1. Apakah saya bisa ikut program affiliate TikTok jika followers saya masih sedikit?

Ya meskipun jumlah followers besar bisa membantu, yang lebih penting adalah engagement dan relevansi niche. Beberapa program affiliate di TikTok terbuka bagi kreator dengan audiens menengah atau mikro.

2. Apakah harus selalu tag produk dalam video agar dapat komisi?

Umumnya ya, agar bisa ditracking. Kamu perlu menggunakan link atau tag produk affiliate yang diberikan. Namun, tata cara tepatnya bisa berbeda tergantung program affiliate dan wilayah. Pastikan baca syarat‐ketentuan program tersebut.

3. Bagaimana cara mengetahui produk affiliate yang cocok untuk audiens saya?

Pertama, kenali audiensmu: demografi, minat, masalah yang mereka miliki. Kedua, cari produk yang relevan dengan niche kamu dan audiensmu. Ketiga, pilih produk dengan reputasi baik, harga masuk akal, dan mudah diakses oleh audiensmu (pengiriman di Indonesia, metode pembayaran lokal, dsb).

4. Apakah setiap video tempat tag produk affiliate harus “jualan”?

Tidak harus. Lebih baik sebagian besar video memberikan nilai (tips, hiburan, edukasi), dan secara berkala kamu sisipkan tag produk affiliate. Kalau semuanya terasa “jualan”, audiens bisa bosan dan engagement bisa turun.

5. Berapa banyak uang yang bisa saya hasilkan dari affiliate?

Tidak ada angka pasti karena sangat tergantung niche, produk, audiens, engagement, konversi. Namun, bila kamu berhasil membuat konten yang relevan dan menarik + produk yang cocok + CTA kuat, maka potensi pendapatan bisa signifikan. Jangan fokus ke angka besar dulu fokus ke proses, lalu skala.

6. Apakah saya harus tinggal di negara tertentu untuk ikut affiliate TikTok Shop?

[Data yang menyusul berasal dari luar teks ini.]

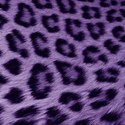 cheetah 2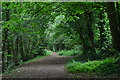 Track through the woods near Coombe Farm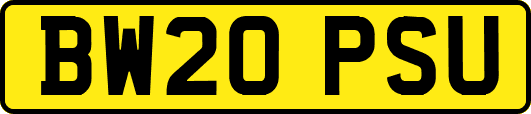 BW20PSU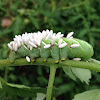 Luna moth, larva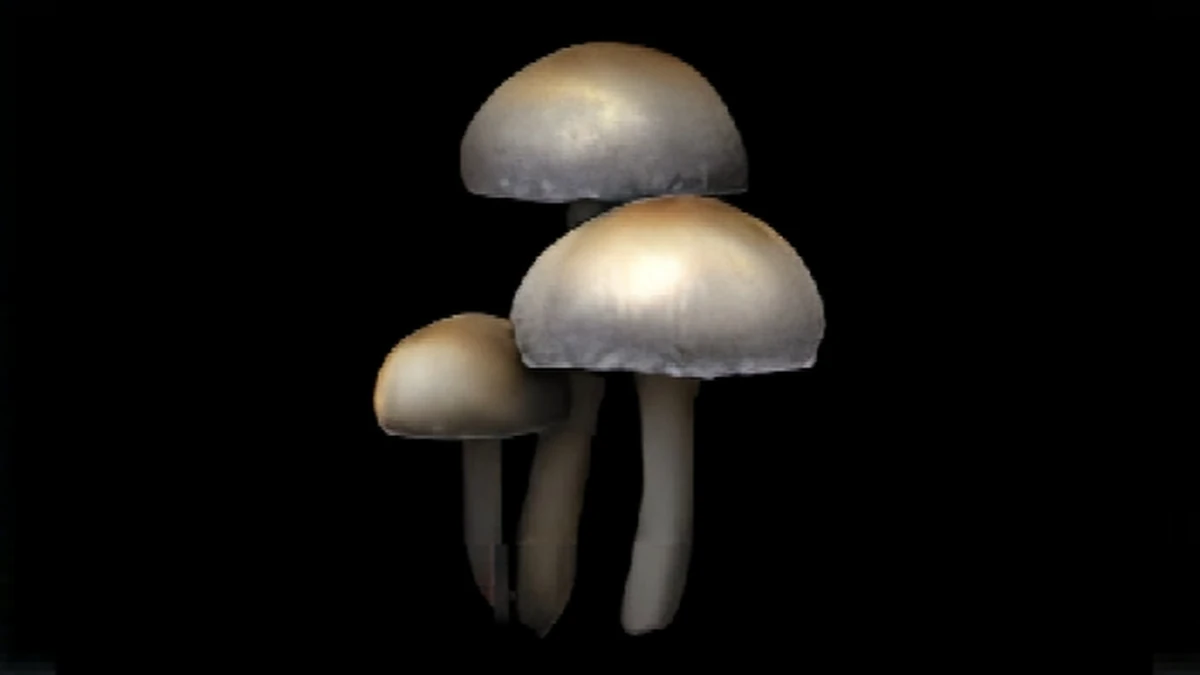 Unique Mushroom | Onimusha Wiki | Fandom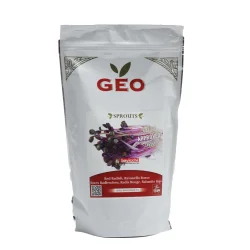 Organic red radish seeds to germinate | Bavicchi Organic red radish seeds to germinate | Bavicchi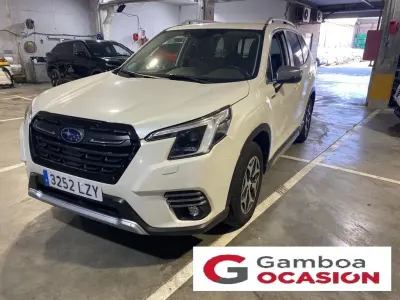 Usado Subaru Forester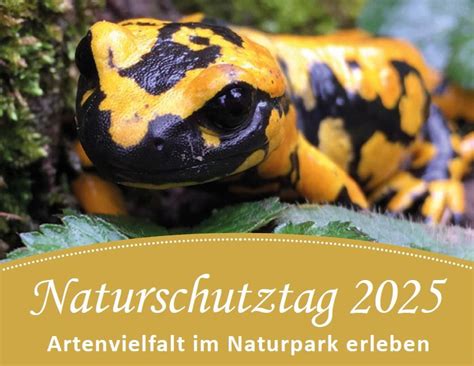 Naturschutztag 2025 - Artenvielfalt im Naturpark erleben, Naturpark ...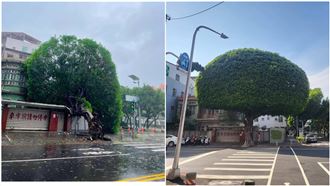 山陀兒強風破紀錄！高雄「安全帽樹」倒了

Beberapa program affiliate di TikTok punya persyaratan wilayah baik untuk kreator maupun produk. Pastikan program affiliate yang kamu pilih mendukung kreator di Indonesia atau wilayah kamu.

7. Bagaimana jika video saya viral tapi konversinya rendah?
Ini berarti kamu butuh optimasi. Coba analisis:

Apakah produk affiliate relevan dengan audiens yang melihat video?
Apakah CTA jelas?
Apakah link/tag produk mudah ditemukan?
Apakah audiensnya sesuai dengan persona produk?
Kemudian perbaiki salah satu atau beberapa elemen tersebut, dan ulangi.

8. Apakah harus selalu video baru untuk affiliate, atau bisa pakai video lama?

Kamu bisa revisit video lama yang performanya baik dan “edits” sedikit untuk tambahkan tag produk affiliate baru. Tapi umumnya video baru dengan hook yang fresh dan relevan punya peluang lebih besar untuk hasil baik.

9. Apakah ada risiko jika saya tidak menandai bahwa konten saya affiliate/promo?

Ya, bisa ada. Dari sisi kepercayaan audiens: transparansi penting. Dari sisi platform atau hukum: beberapa wilayah mewajibkan kreator untuk memberi disclosure bahwa konten adalah kerjasama/promosi. Jadi lebih aman jika kamu jelas bahwa ada affiliate.

10. Bagaimana saya bisa terus belajar dan update fitur terbaru TikTok?

Ikuti blog resmi TikTok, forum kreator, komunitas kreator Indonesia, webinar/kelas kreator, plus terus eksperimen sendiri. Karena perubahan fitur dan algoritma biasa terjadi. Menjadi adaptif adalah keunggulan.

Safira Haddad, Penulis Konten Profesional yang berpengalaman 2+ tahun dalam dunia kepenulisan dan berdedikasi di Upgraded.id. Kemampuan utama, SEO dan Content Writing.